Middle East Focus: Halal in UAE, Saudi trends and production priorities revealed

By Gary Scattergood contact

- Last updated on GMT

Saudi trends: Chaitanya GRK, senior manager at business consultancy firm Farrelly & Mitchell.
Saudi trends: Chaitanya GRK, senior manager at business consultancy firm Farrelly & Mitchell.
Our round-up of the latest industry news from the Middle East showcases the latest developments in Halal, health trends and production priorities.

Translation and logo woes: The pitfalls to avoid when selling halal food to the UAE

Misleading translations and an absence of the Halal National Mark are pitfalls that companies could avoid when selling halal food to the UAE.

At present, only meat, meat derivatives, and products containing meat derived ingredients need to be certified halal in the UAE.

All products that claim to be halal should bear the Halal National Mark, which was officially introduced by the Emirates Standardisation and Metrology Authority (ESMA) in 2015.

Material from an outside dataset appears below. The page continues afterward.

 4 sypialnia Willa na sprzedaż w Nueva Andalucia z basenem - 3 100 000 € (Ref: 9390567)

FoodNavigator-Asia​ recently spoke to Hassan Bayrakdar, the MD of UAE-based Raqam Consultancy to find out common mistakes that firms make when selling halal food into the UAE.

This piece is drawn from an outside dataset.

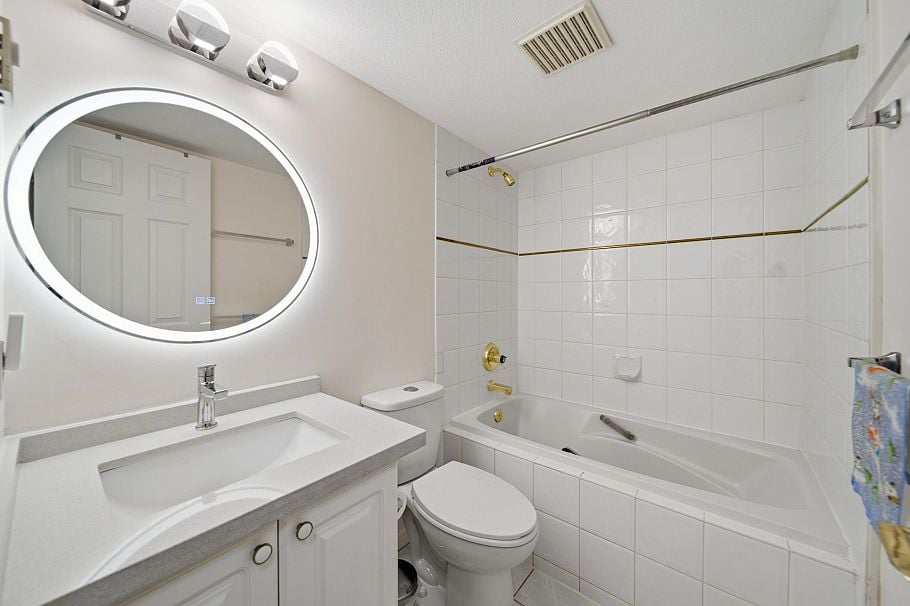 107 5788 Vine Street Vancouver, BC - 4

He said some importers had overlooked the requirements and bought in products that do not have the correct halal logo.

 

Saudi food trends: Demographic changes and health issues set to shape consumer spending

Demographic changes and the increasing health challenges seen in Saudi Arabia will provide new opportunities for food and beverage growth,​ but firms have been warned that brand loyalty may be a thing of the past.

This is according to Chaitanya GRK, senior manager at business consultancy firm Farrelly & Mitchell, who spoke at the Gulfood Manufacturing show last month.

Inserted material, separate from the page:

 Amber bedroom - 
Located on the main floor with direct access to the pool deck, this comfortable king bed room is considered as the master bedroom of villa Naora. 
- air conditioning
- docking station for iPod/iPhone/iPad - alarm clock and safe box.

The first point he made, was that a favourable demography would drive the demand for food and beverage in Saudi Arabia.

 “The median age of the population is almost 10 years younger than any of all developing countries,”​ he said.

The current median age in Saudi is 29.8 years old and is expected to be 34.7 in 2030.

 

Start small and reap rewards: Lessons from the digital transformation of Saudi food and beverage packaging firm

Start small, think big:​ That’s the key advice for food firms and their suppliers which are seeking to digitise and automate their factories, according to Saudi food and beverage packaging firm Obeikan.

The company shared its experience working with General Electric and aseptic food and beverage packaging provider SIG in digitalising its factory during a panel discussion held in Gulfood Manufacturing.

Titled “Digital in the Real World: Implementing Solutions in F&B IIoT (Industrial Internet of Things)”, the panel discussion involved moderator Avinash Ratta, MD of Grain Velocity, Abdallah Obeikan, the CEO of Obeikan Investment Group and board chairman of Obeikan AGC, Ali Saleh, senior VP and CEO at General Electric Digital (MENA/SSA), and Mak Min Kin, deputy VP at SIG (Corporate Development).

Asked his experience in implementing digital transformation in his factories, Obeikan said that connecting the machines was the most difficult part.

 

Why production capability is as important as product innovation to meet customisation and convenience demands

Food and beverage manufacturers should not only focus on product innovation to meet changing consumer demands, but also upgrade their production capabilities and adopt flexible arrangements.

The points were made during a panel discussion held at the recent Gulfood Manufacturing show.

Titled “Competing in a global market - Is your factory holding you back”, the panel discussion involved Amir Sotoudeh, MD of Multivac Middle East, David Beanland, MD (Middle East) at Schoeller Allibert International, Fahrettin Gunalp Ertik, VP of supply chain and manufacturing at Pladis Global, Hassan Bayrakdar, MD of Raqam Consultancy, and Rajnish Ohri, MD (IMEA) of Hain Celestial.

Mass product customisation and convenient packaging were some of the consumers’ demands raised during the panel.